Residue on pottery from an archaeological site has revealed the earliest evidence of beer brewing in China left from a 5,000-year-old recipe, researchers said Monday.
The artifacts show that people of the era had already mastered an “advanced beer brewing technique” that contained elements from East and West, according to a study in the Proceedings of the National Academy of Sciences, a peer-reviewed US journal.
Yellowish residue gleaned from pottery funnels and wide-mouthed pots show traces of ingredients that had been fermented together -- broomcorn millet, barley, a chewy grain known as Job’s tears, and tubers.
“The discovery of barley is a surprise,” lead author Jiajing Wang of Stanford University told AFP, saying it is the earliest known sign of barley in archaeological materials from China.
“This beer recipe indicates a mix of Chinese and Western traditions -- barley from the West; millet, Job’s tears and tubers from China.”
The discovery indicates that barley made its way to China some 1,000 years earlier than previously believed.
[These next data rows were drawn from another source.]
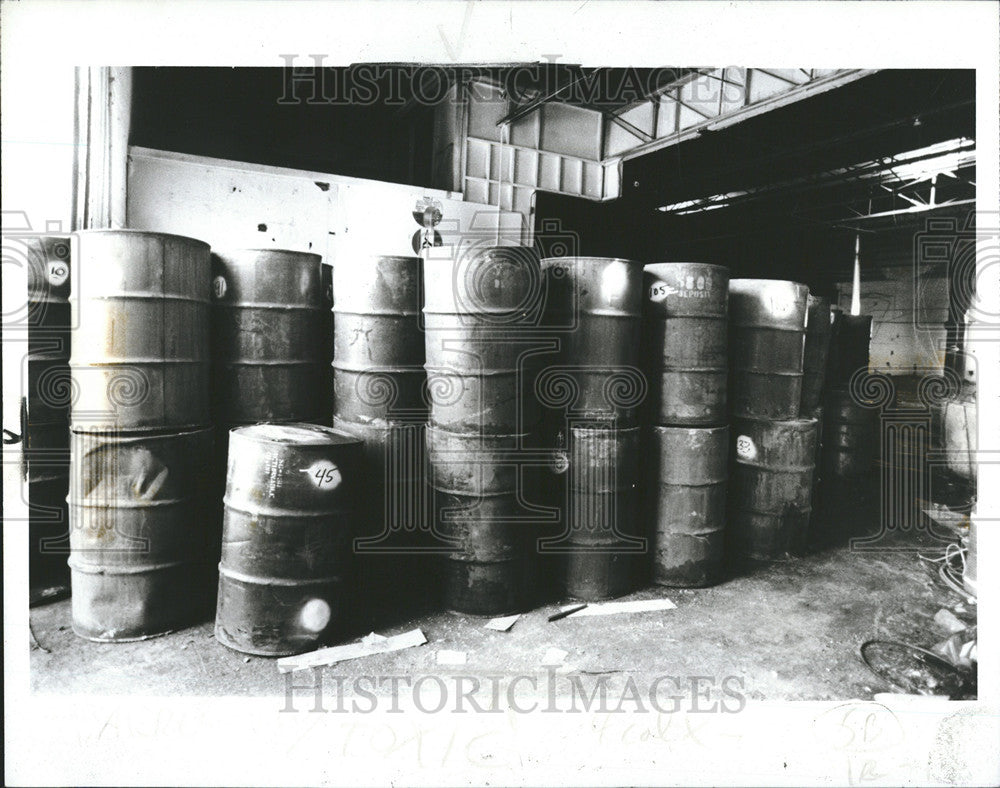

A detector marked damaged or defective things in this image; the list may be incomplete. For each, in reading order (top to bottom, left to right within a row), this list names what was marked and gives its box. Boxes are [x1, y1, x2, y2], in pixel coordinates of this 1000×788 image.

rusty metal drum [70, 231, 209, 430]
rusty metal drum [211, 249, 324, 428]
rusty metal drum [332, 255, 426, 422]
rusty metal drum [422, 245, 544, 434]
rusty metal drum [544, 258, 644, 424]
rusty metal drum [640, 264, 728, 424]
rusty metal drum [732, 280, 808, 422]
rusty metal drum [800, 296, 832, 418]
rusty metal drum [68, 424, 215, 640]
rusty metal drum [215, 424, 364, 660]
rusty metal drum [568, 428, 644, 600]
rusty metal drum [648, 424, 728, 584]
rusty metal drum [732, 418, 816, 560]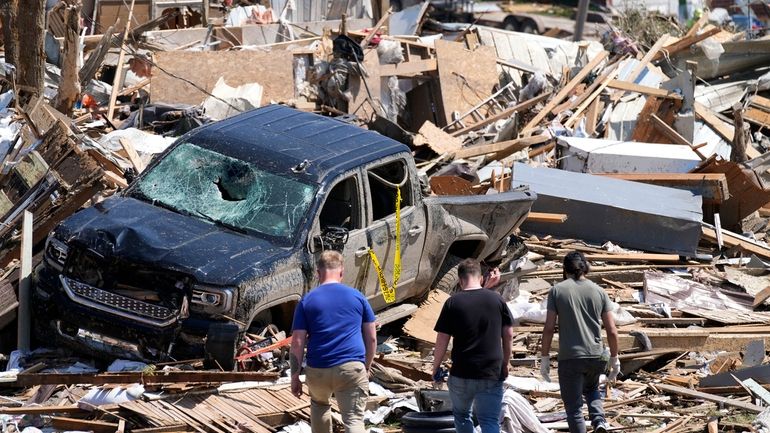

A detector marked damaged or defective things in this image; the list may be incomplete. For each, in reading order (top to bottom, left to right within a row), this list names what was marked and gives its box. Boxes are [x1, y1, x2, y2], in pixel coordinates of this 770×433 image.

splintered wood plank [436, 38, 500, 126]
shattered windshield [132, 143, 316, 241]
broken car window [133, 143, 316, 241]
shattered glass [134, 143, 316, 241]
damaged pickup truck [33, 106, 532, 366]
broken lumber [13, 368, 280, 384]
broken lumber [656, 382, 760, 412]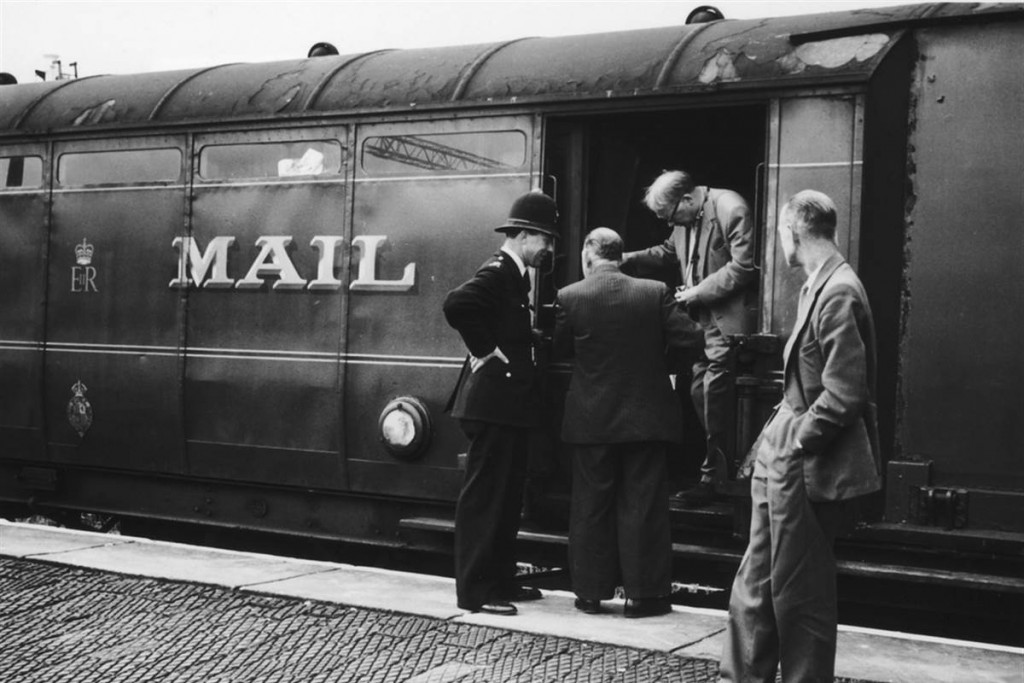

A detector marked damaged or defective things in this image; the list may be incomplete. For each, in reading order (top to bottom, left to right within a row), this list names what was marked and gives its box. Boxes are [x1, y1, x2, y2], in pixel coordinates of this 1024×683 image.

peeling paint [700, 48, 740, 84]
peeling paint [780, 33, 892, 74]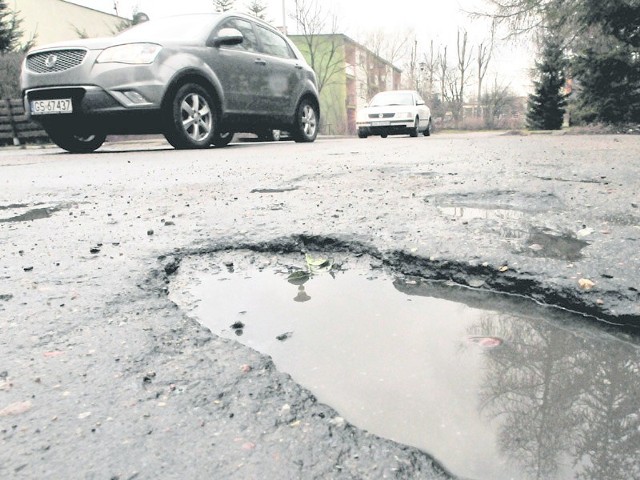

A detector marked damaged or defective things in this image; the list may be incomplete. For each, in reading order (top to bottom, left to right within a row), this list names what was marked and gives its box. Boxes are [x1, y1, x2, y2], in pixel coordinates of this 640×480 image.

cracked asphalt [0, 131, 636, 480]
pothole [169, 249, 640, 480]
water-filled pothole [169, 251, 640, 480]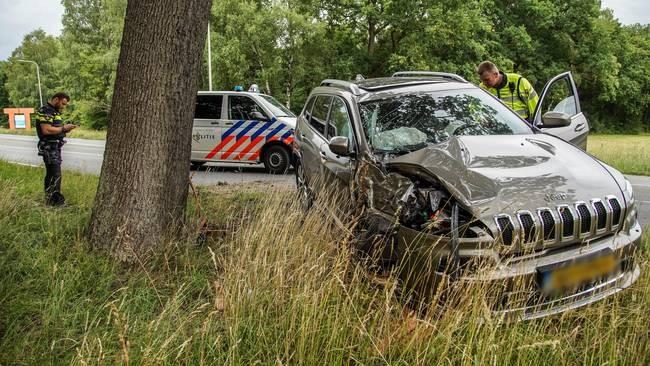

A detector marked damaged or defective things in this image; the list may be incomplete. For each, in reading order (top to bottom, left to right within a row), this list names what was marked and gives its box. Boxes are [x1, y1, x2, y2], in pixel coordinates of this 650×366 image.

shattered windshield [360, 88, 532, 153]
crushed front end of suv [292, 71, 636, 320]
damaged silver suv [294, 71, 644, 320]
car hood crumpled [384, 134, 624, 222]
Barley “may have been used as a beer-making ingredient long before it became an agricultural staple,” the study said.
The archaeological site at Mijiaya, near a tributary of the Wei River in northern China, includes two pits dating to around 3,400-2,900 BC.
It contains artifacts that point to beer brewing, filtration and underground storage, as well as stoves that may have been used to heat and mash grains.
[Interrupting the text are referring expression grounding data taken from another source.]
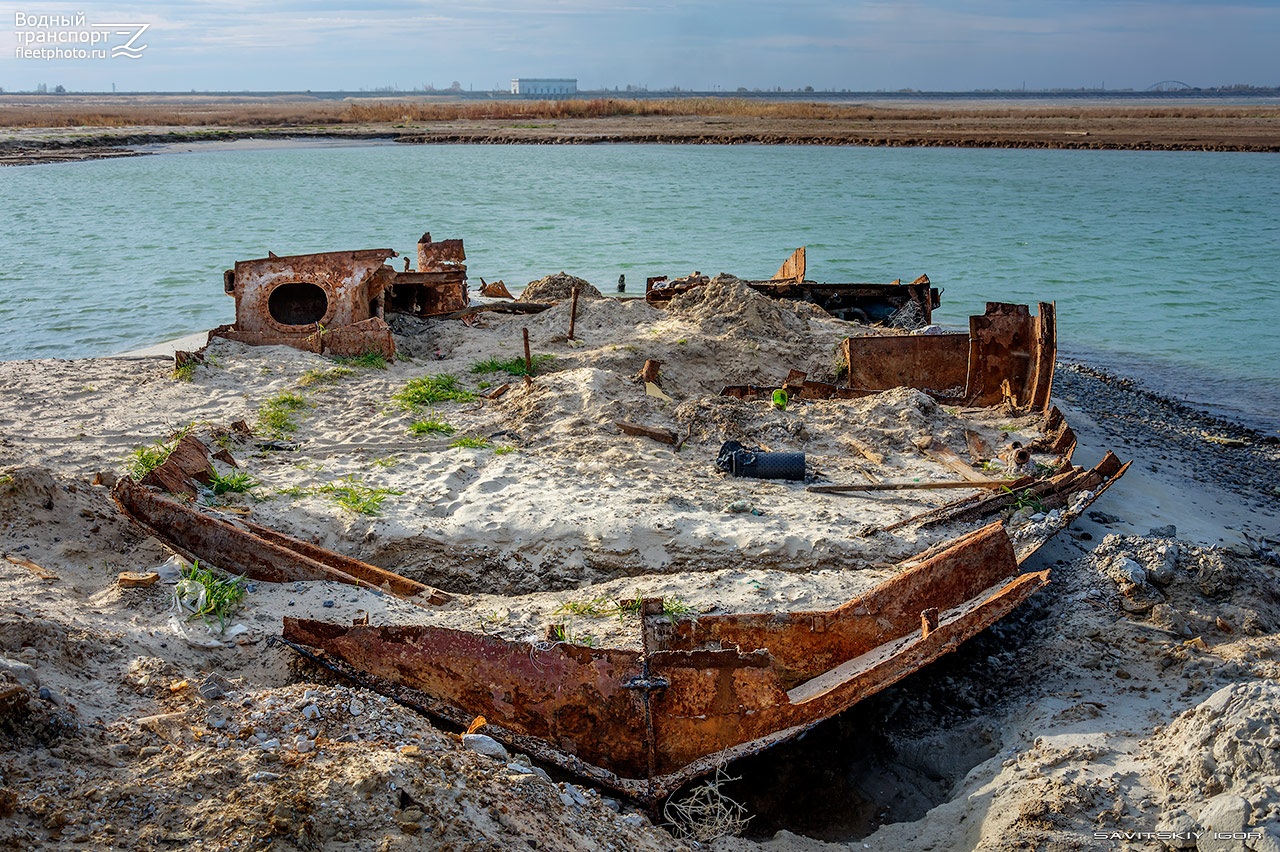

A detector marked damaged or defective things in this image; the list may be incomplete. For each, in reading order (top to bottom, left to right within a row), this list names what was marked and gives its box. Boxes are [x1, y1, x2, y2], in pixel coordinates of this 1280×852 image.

broken metal sheet [834, 303, 1054, 411]
rusty hull rib [115, 481, 445, 601]
broken metal sheet [116, 478, 445, 603]
broken metal sheet [280, 516, 1049, 803]
rusty hull rib [288, 516, 1049, 798]
rusted shipwreck hull [280, 447, 1121, 798]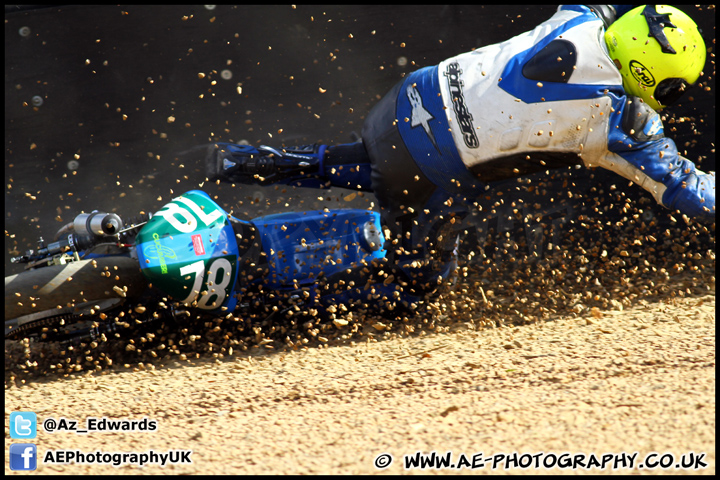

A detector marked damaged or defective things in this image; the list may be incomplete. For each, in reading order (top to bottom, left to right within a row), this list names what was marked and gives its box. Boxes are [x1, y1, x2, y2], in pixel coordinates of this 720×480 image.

crashed motorcycle [4, 189, 388, 344]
However, it is impossible to know exactly how the beer tasted, researchers said, because they do not know the ingredients’ exact proportion.
“My guess is that the beer might have tasted a bit sour and a bit sweet,” Wang said.
“Sour comes from fermented cereal grains, sweet from tubers.”
Evidence of beer brewing has been found around the same time period in Iran and Egypt, experts say.
“The introduction of Middle Eastern barley into a Chinese drink fits with the special role of fermented beverages in social interactions and as an exotic ingredient which would appeal to emerging elite individuals,” said Patrick McGovern, an expert on biomolecular archaeology at the University of Pennsylvania Museum of Archaeology and Anthropology.
McGovern, who was not involved in the study, agreed the techniques used for brewing in China were advanced, and that “ancient peoples, including those at Mijiaya, applied the same principles and techniques as brewers do today.”
They knew to use heat to break down carbohydrates, and the underground location of the brew site “is very significant,” he added.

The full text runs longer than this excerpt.